Greater Manchester children will be encouraged to walk or cycle to school more after a new Government funding pot to promote active travel was announced.
The £2.5m investment was unveiled by MP Trudy Harrison at a National Walking Summit organised by national walking charity Living Streets on Tuesday (22 March).
Much of the money will go towards continuing to fund the Walk to School Outreach project in more than 1,000 schools across England.
Details of exactly how much money will be allocated to different parts of Greater Manchester and which schools will get active travel schemes are yet to be revealed.
What has been announced and how will Greater Manchester benefit?
Greater Manchester has been revealed as one of the areas which will receive cash from the Walk to School Outreach funding for Living Streets.
£2m out of the £2.5m of funding announced will go into the outreach programme, which will be running with schools in more than a dozen different areas up and down the country.
Living Streets says the Walk to School Outreach programme has led to 17 million new walking journeys and 1.8 million fewer car miles since 2017.
The Government, meanwhile, has set itself a target of having 55 % of primary school children walk to school by 2025.
Alongside the outreach programme for schools the Government has announced money to support the expansion of the Modeshift STARS programme in which schools and businesses promote more sustainable and active modes of travel.
And there will be cash for a new Active Travel Academies pilot, in partnerships with Modeshift and the Bikeability Trust.

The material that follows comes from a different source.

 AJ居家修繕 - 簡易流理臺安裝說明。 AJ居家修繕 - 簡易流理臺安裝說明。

This will involve young people becoming active travel ambassadors as well as providing the skills and infrastructure to walk and cycle to school.
What will happen now?
It is expected that the £2m in the active travel pot for schools will be allocated to the different local authorities and city-regions by the Department for Transport (DfT).
It is not yet clear exactly how much money Greater Manchester will be receiving.

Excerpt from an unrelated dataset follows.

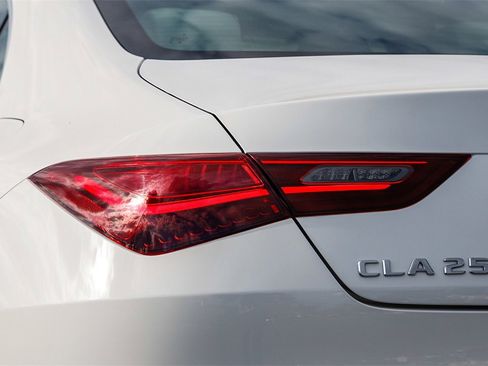 New 2025 Mercedes-Benz CLA 250 image 8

Living Streets said that schools and local authorities which are particularly interested in getting money to get more pupils arriving at their lessons on foot or on two wheels should get in touch.

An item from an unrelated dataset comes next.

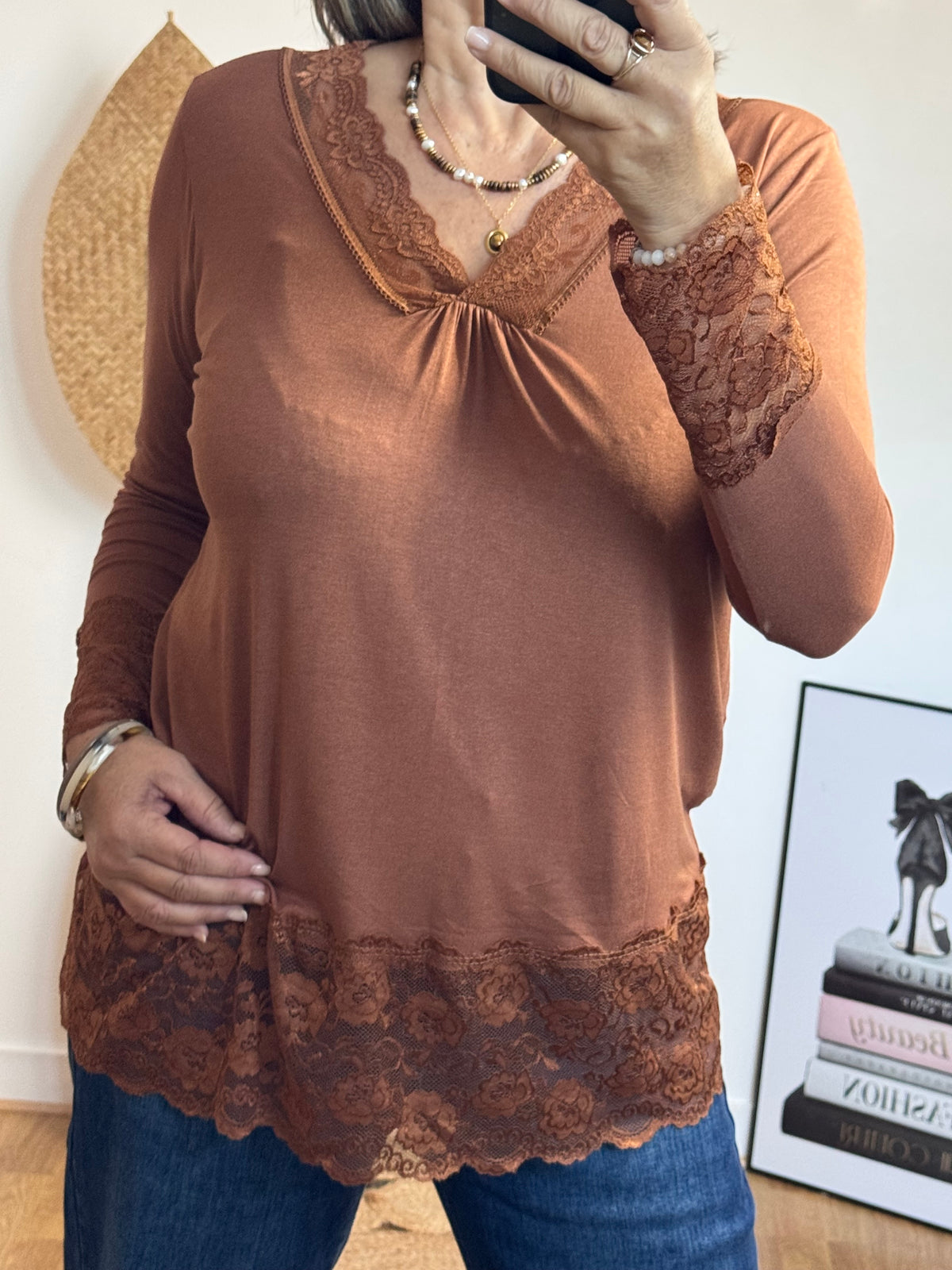 Top dentelle camel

What has been said about the announcement?
Trudy Harrison MP, parliamentary under-secretary of state for the DfT, said: “Behaviour change outreach programmes are key to giving people the inspiration, information, skills and confidence to enable them to choose to walk, wheel or cycle more of their everyday journeys.
“The funding I was pleased to confirm will allow Living Streets, Modeshift and Bikeability Trust to ramp up activity and work with partners to remove even more barriers to walking and cycling.
“I’m particularly keen to see progress in including those from more deprived communities in these programmes.”
Stephen Edwards, interim chief executive at Living Streets, said: “We want every child who can walk to school to be able to do so. This funding is a step towards making that happen.
“Walking rates to primary schools have declined rapidly within a generation. However, in schools where we run our walk to school challenge, the opposite is true.
“Walking rates in our WOW schools typically increase by 23 per cent and the number of cars at the school gates reduces by 30 per cent, helping to reduce congestion, air pollution and road danger.
“We are excited to be working in partnership with Modeshift and Bikeability Trust to continue to help people change behaviours and develop healthy habits for life.”
A Transport for Greater Manchester spokesperson said: “We welcome additional active travel funding for Greater Manchester that will encourage more people to walk, cycle or scoot for everyday journeys.”